■ HOW TO COMPLETE THIS TASK ■
Once the line with "Naranjas Que Han" is found in the data, output it and each following line exactly, up to and including the line with "Удар ЗСУ по", and nothing before or after.

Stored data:

⁂

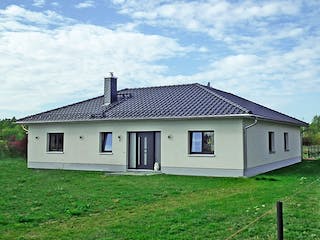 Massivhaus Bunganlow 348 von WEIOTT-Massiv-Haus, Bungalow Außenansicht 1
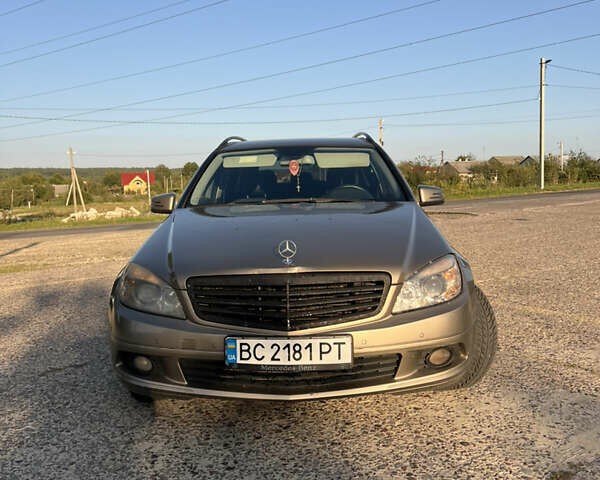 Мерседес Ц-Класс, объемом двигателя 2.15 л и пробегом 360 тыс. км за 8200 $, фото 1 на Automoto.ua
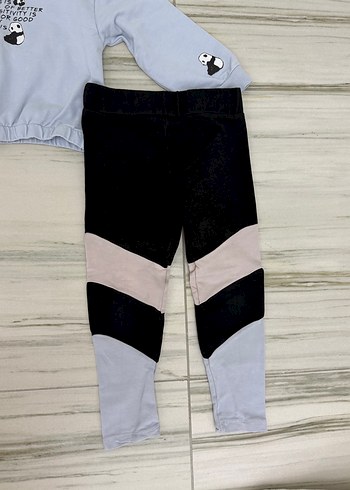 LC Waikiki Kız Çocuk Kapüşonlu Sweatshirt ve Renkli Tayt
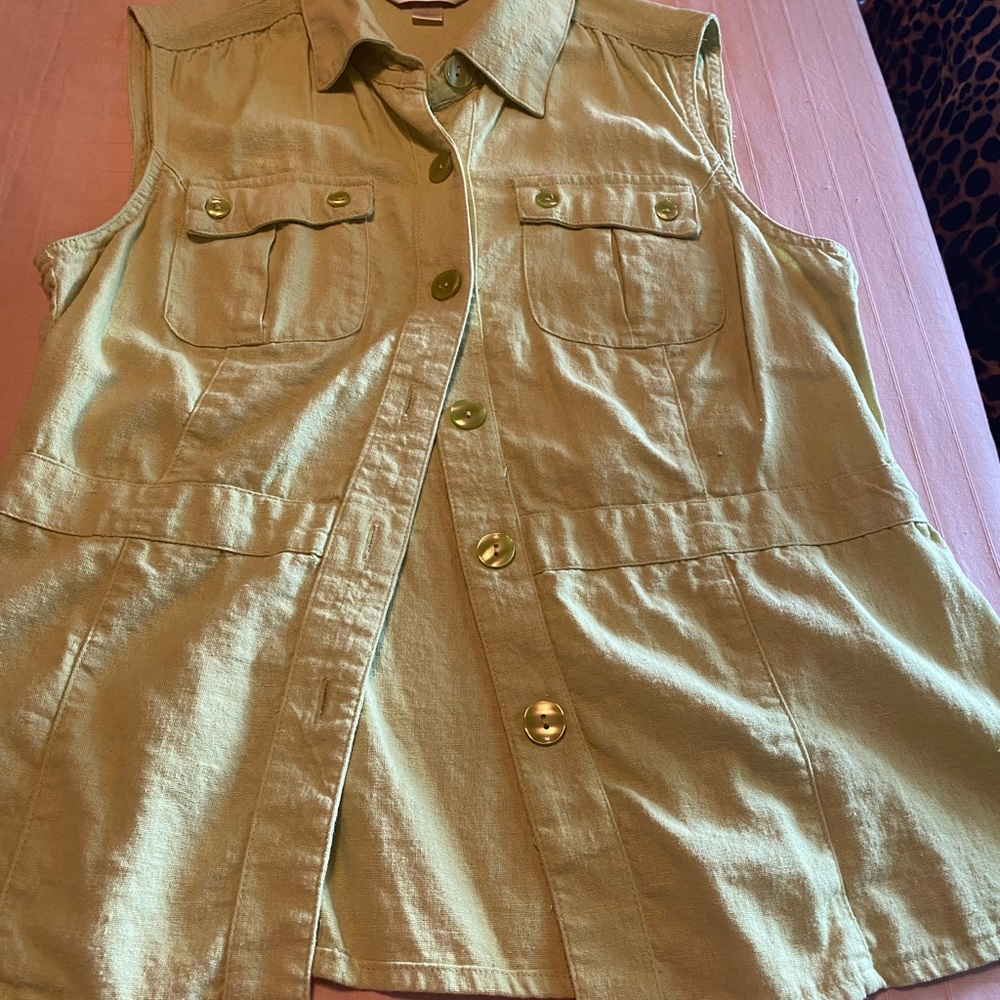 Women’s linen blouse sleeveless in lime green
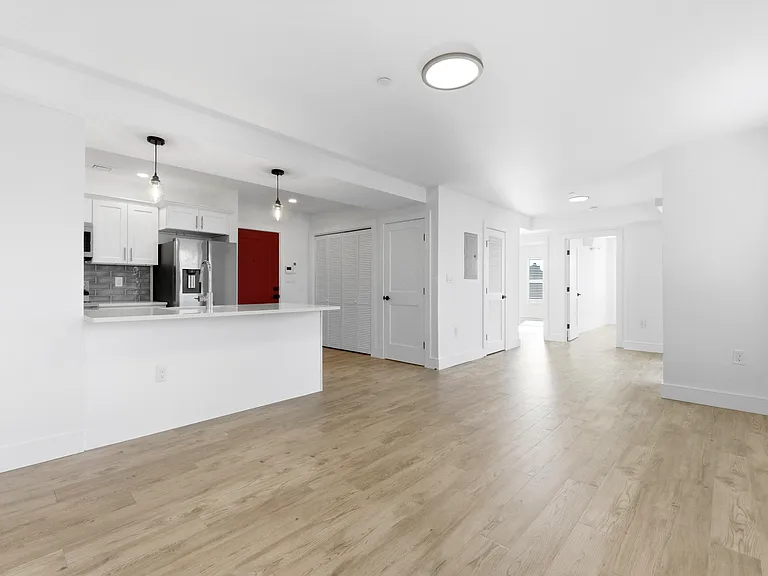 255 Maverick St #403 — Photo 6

⁂

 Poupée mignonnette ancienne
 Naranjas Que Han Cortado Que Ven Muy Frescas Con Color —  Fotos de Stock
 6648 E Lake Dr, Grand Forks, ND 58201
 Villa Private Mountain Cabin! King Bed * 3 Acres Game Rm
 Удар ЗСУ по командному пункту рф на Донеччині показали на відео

⁂

■ WORKED SOLUTION ■
 Naranjas Que Han Cortado Que Ven Muy Frescas Con Color —  Fotos de Stock
 6648 E Lake Dr, Grand Forks, ND 58201
 Villa Private Mountain Cabin! King Bed * 3 Acres Game Rm
 Удар ЗСУ по командному пункту рф на Донеччині показали на відео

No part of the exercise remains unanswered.